2. Where we are. The shortfall equals the difference between the value of the assets and the value of the liabilities. While it is relatively easy to achieve a consensus on the value of the assets, the value of the liabilities is a tougher nut to crack. The value depends crucially on the discount rate employed. Traditionally people have used a relatively high discount rate, which lowers the calculated value of the liabilities, and lowers any measured shortfall. Many economists advocate using a much lower rate, which raises the calculated value of the liabilities, and raises any measured shortfall. Baker advocates using the higher rate.
3. The shortfall is manageable going forward. Baker calculates the share of future state product required to make up for the current shortfall. It’s a small number. We can do this, he is telling us.
I appreciate Baker’s useful calculations on points #1 and #3. Unfortunately, he is just plain wrong on point #2. Baker blithely ignore fundamental principles about risk and return, like those mentioned in a post I made on the subject before Baker weighed in.
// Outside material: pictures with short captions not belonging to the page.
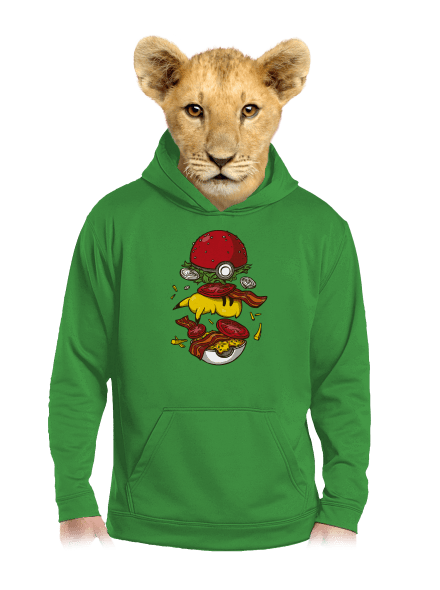 Pokémon burger dětská mikina klokanka Kelly Green AWD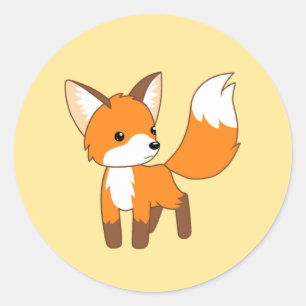 Cute Little Fox på Gult Runt Klistermärke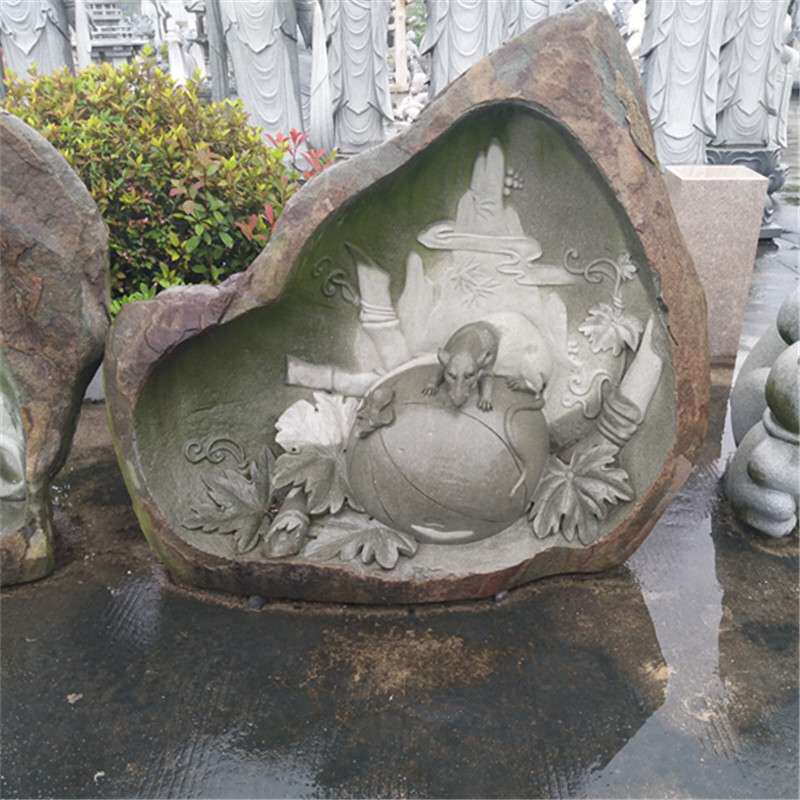 厂家石雕工艺花岗岩浮雕照壁园林户外景观石料雕刻工艺品石雕壁画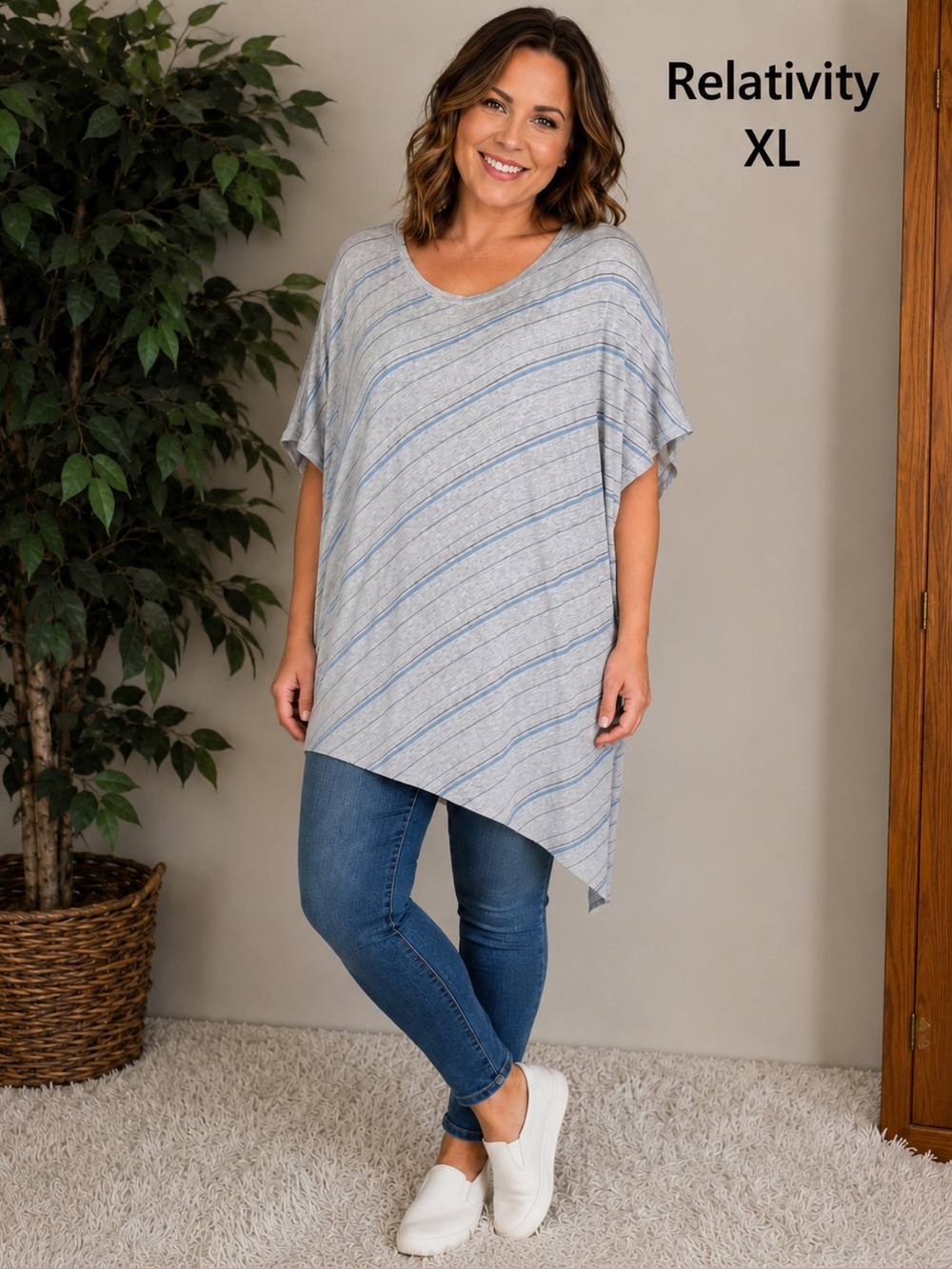 Relativity XL Gray Blue Stripe Asymmetrical Hem Oversized Tunic Top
The key issue which Baker and others trip over is how to factor risk into your evaluation of long-term expected returns. It is a fallacy to think that a long horizon allows one to more confidently expect to achieve the mean return. That only happens if stock prices are substantially mean reverting, which they are not — at least not at the time horizons and on the scale that is relevant for this debate. What is overlooked is the danger of compounded negative returns. Bad outcomes can get even worse. The Free Exchange blog at the Economist has a nice and concise post on this. Another is by Josh Barro here. One of the prominent economists on this issue, Joshua Rauh, recently testified on the matter before Congress.
One version of this mistake is known as the St. Petersburg paradox: faced with the opportunity to play a repeated fair bet, where the stakes double each round, there is a strategy available which, on its face, seems assured of winning an arbitrarily large positive payoff. Baker’s stance suggests he would buy into the St. Petersburg lottery.
Baker and others — such as Felix Salmon at Reuters — have made mention of the idea that public employee pension funds are a mutual insurance policy, as opposed to an agglomeration of 401K accounts. This is a potentially fruitful basis for thinking the problem through differently. It shows the limited import of the headline number on the balance of assets and liabilities in a public pension plan. While stock returns are not mean reverting, GDP could be–although that is debated. How to account for the social claims on GDP through time is a more difficult problem than how to value the balance sheet of a pension plan. But while that puts the headline number into context, it doesn’t change the headline number. The assets remain the assets, the liabilities remain the liabilities.The claim about a mutual insurance policy is a claim that the correct balance sheet includes other assets and liabilities not yet recognized. It is not a claim that these assets and these liabilities should be valued using the expected rate of return on stocks.
The broader perspective of a mutual insurance policy is why I think Baker’s points #1 and #3 are worth making. From a purely technical point of view focused just on valuing the assets and liabilities in the pension fund, points #1 and #3 are not completely distinct from point #2. But they highlight the limited frame of reference at hand in utilizing the answer to #2 as a complete answer to the public policy problem of what to do about pensions.
Others have pointed out that privatized defined contribution 401K accounts are an inferior way of providing retirement benefits. I think this is true. But this is a different issue from selecting the correct discount rate for evaluating the assets and liabilities of the current pension system. It speaks to what we do with the information, but not to the statement of the information itself. There is no way to get from any of the arguments in favor of the current defined benefit pension system to the current policy for selecting a discount rate on the pension’s liabilities. These are different things. The politics of the current situation has thrown them into the pot together, but good and thoughtful analysis should keep them distinct.